Lean is the approach that has the most current traction in North America. Essentially, lean is centered on preserving value with less work. Lean manufacturing is a management philosophy derived mostly from the Toyota Production System. Lean manufacturing is a variation on the theme of efficiency based on optimizing flow; it is a present-day instance of the recurring theme in human history toward increasing efficiency, decreasing waste, and using empirical methods to decide what matters, rather than uncritically accepting pre-existing ideas.

All agile approaches believe that embodied assumptions are threats to performance and different approaches have emerged to suit the given context.

Scrum attempts to deal with more complex challenges. Where lean attempts to remove deviation and waste, scrum assumes that deviation and ‘waste’ are inevitable and applies relentless reality checks to expose dysfunctional constraints and assumptions. Scrum is value-centered and explicitly believes that all members of an emergent, self-organizing have leadership accountability (much like lean). The unit of measure is built on a traditional (paleolithic) family units of 5 – 9. Scrum is intended for the kinds of work people have found unmanageable using defined processes – uncertain requirements combined with unpredictable technology implementation risks. It requires true commitment (at all levels) to self-organization and is not suited to repeatable activities.

I completed by Certified Scrummaster training in 2011 and have implemented Scrum for a couple of highly complex projects we are working through. I am enamored of Scrum, and was pleasantly surprised to hear that the metaphor of scrum was applied by Ikujiro Nonaka, another thought leader I admire greatly.
The metaphor derives from rugby, where the team will move the ball as a cohesive unit. I had the good fortune to work with interdisciplinary teams while working as a corporate trainer within Mitsubishi Motor Company in Aichi-ken, Japan. The more traditional approach to project management employed in Western Europe and North America was less firmly entrenched in Japanese business practices and different overarching metaphors could be supported.

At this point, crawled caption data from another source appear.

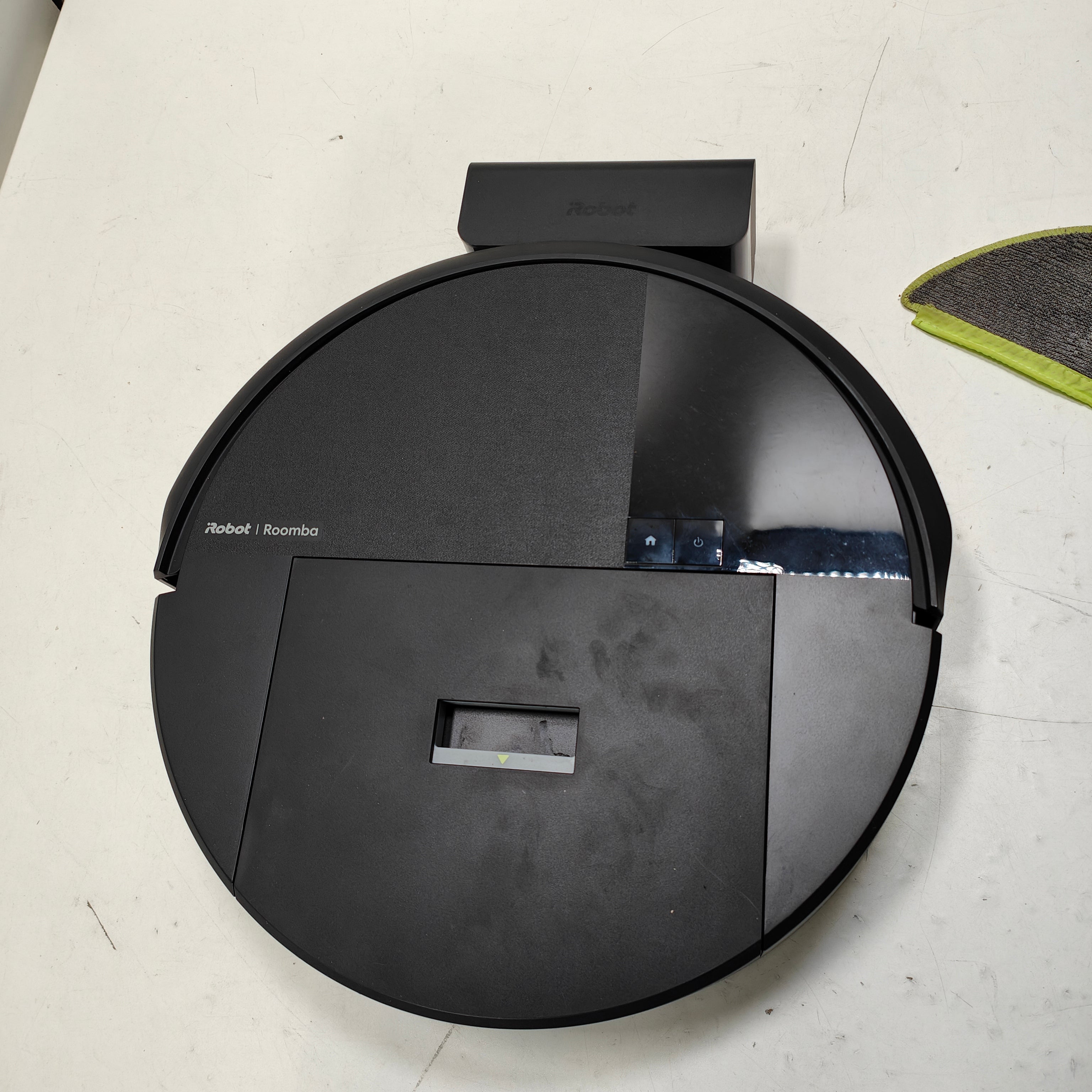 iRobot Roomba 205 Kombi Schwarz
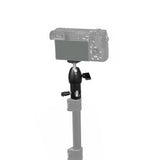 KAYULIN Light Stand Head Mount With Tripod Heads Mini Ball Head 360 Degree Rotating for DSLR Photo Studio accessory K0270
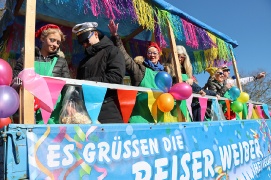Karnevalsumzug am Rosensonntag 02.03.2025_145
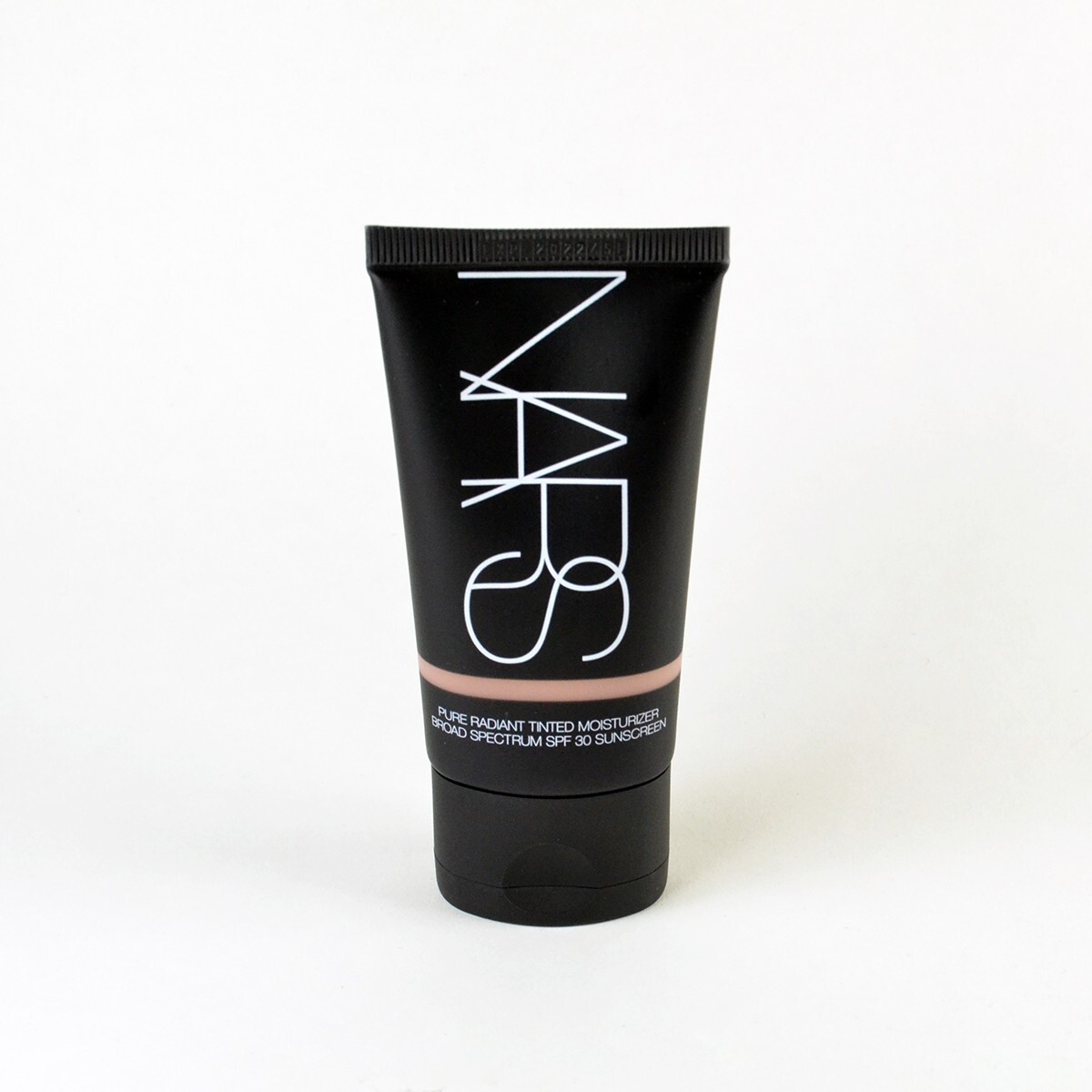 Nars Pure Radiant Tinted Moisturizer SPF30 MARRAKESH Medium-Deep 2 - EX 12/22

I lack the research to support this, but I was often struck by the differences in collaborative action in Japanese rice cultivation versus the large-scale grain agriculture we are familiar with in the West. Rice plots are intensive and collaboratively harvested. Community members collectively work their way through each paddy, with very little task specialization employed. Western agriculture, due to questions of scale, followed a more milestoned approach to cultivation. Certain times of year required intensive activity and much of the work was done by paid staff. Timelines were well-known and resources allocated to meet the needs of the season. Rice cultivation is far more variable with small differences allowing for different requirements.
It should be no surprise then, that highly scheduled project management has been hard-wired into our social customs. It should also, then, come as no surprise that ‘scrum’ a metaphor from a Western game, found a more ready home in a nation where collective behaviours were patterned differently.

The growth of scrum in software also shouldn’t be a surprise. Software, unlike physical manufacturing , requires quality and fit to exist in a single source. The distributed product is identical to the piece from which it is cloned. Assembly manufacturing requires a stream of quality as duplication suffers from quality issues in physical equipment and human attention.

A simple shift in metaphor (from traditional or ‘waterfall’ approach to scrum) aligns behaviour far more easily than a detailed set of instructions of process notes. Ken Schwaber, a grandfather of scrum in North America, states that scrum is, “not a methodology – it is a pathway”. I believe it is telling that until the emergence of competing models of project management, no metaphor existed for the dominant. The introduction of new voices necessitated the qualification of traditional practices as ‘waterfall’. Widening the narrative space allowed new ideas and models to emerge. Sadly, an entirely new industry needed to evolve before the need could clearly be seen to North American audiences.